By Eric Boehm / June 1, 2016
If you loved Obamacare, get ready for Obamaloans.
The Consumer Financial Protection Bureau, the federal regulatory agency established in response to the 2008 Wall Street meltdown to police banks and other financial institutions, is set to issue new rules Thursday that could reshape payday lending.
Payday loans are small-dollar, high-interest loans used most often by low-income workers to help cover monthly expenses between paychecks. The CFPB contends the $40 billion industry that serves an estimated 12 million customers each year traps workers in a cycle of debt that is difficult to escape.
The new rules will be the culmination of more than three years of work by the CFPB, and the latest step in an even longer crusade by progressives to see payday lending banned entirely.
When a draft version of the new regulations was released in March, the Consumer Financial Services Association of America, the trade group for payday lenders, said a “substantial part of the industry” could be forced out of business.
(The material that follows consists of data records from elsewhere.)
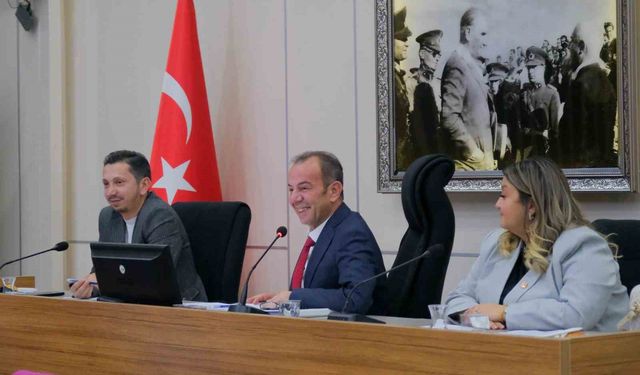 Tanju Özcan’ın kar duası mecliste konuşuldu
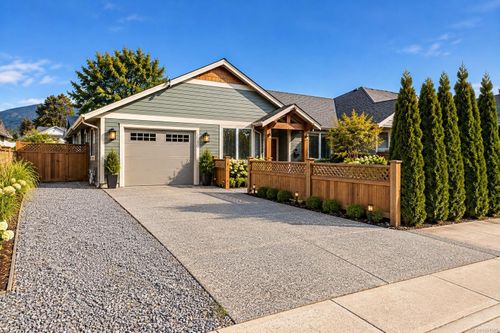 2250 Meredith Rd, Nanaimo, BC, V9S5R9 | Card Image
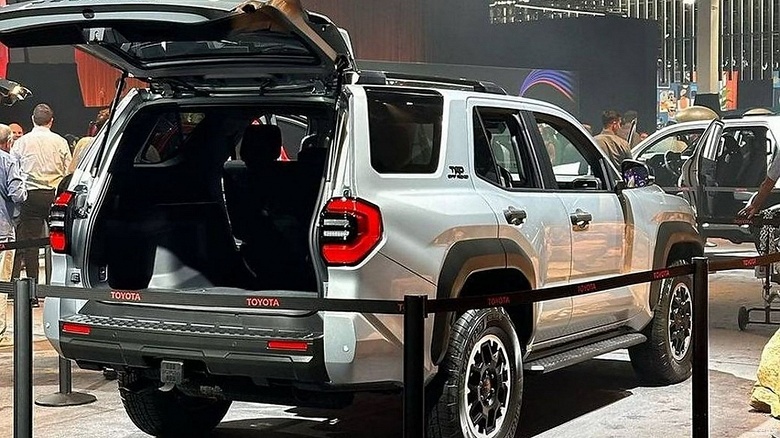 Представлена совершенно новая Toyota 4Runner. В топовой версии внедорожника мотор от нового Land Cruiser Prado 250 - 5 Представлена совершенно новая Toyota 4Runner. В топовой версии внедорожника мотор от нового Land Cruiser Prado 250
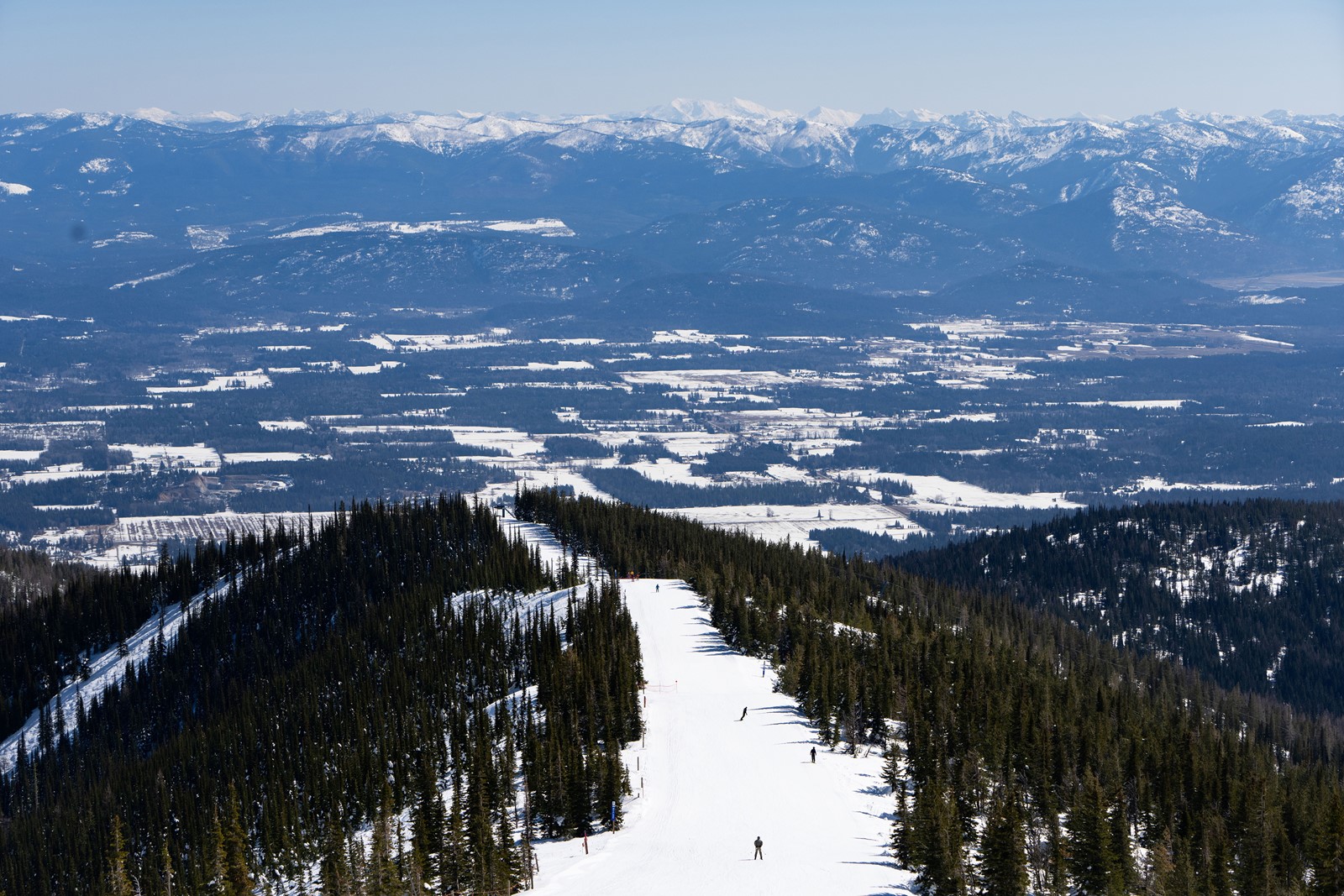 1231_NWS_CROSS-BORDER-SKIING-8_217235120_1088113642.jpg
According to a Politico report Wednesday, the CFPB’s own projections show that loan volume could fall by 84 percent under the new rules.
That’s all part of the plan, according to some critics of the CFPB who believe the Obama administration’s goal is to drive payday lenders out of business and clear the way for taxpayer-backed nonprofits — including one with direct ties to federal regulators — to take over the market for short-term lending with an expansion of taxpayer-subsidized loans, called “Obamaloans” by critics.
Iain Murray, a vice president at the Competitive Enterprise Institute in Washington, D.C., says the groundwork for a federal takeover of the small-dollar lending industry has been laid over the past few years.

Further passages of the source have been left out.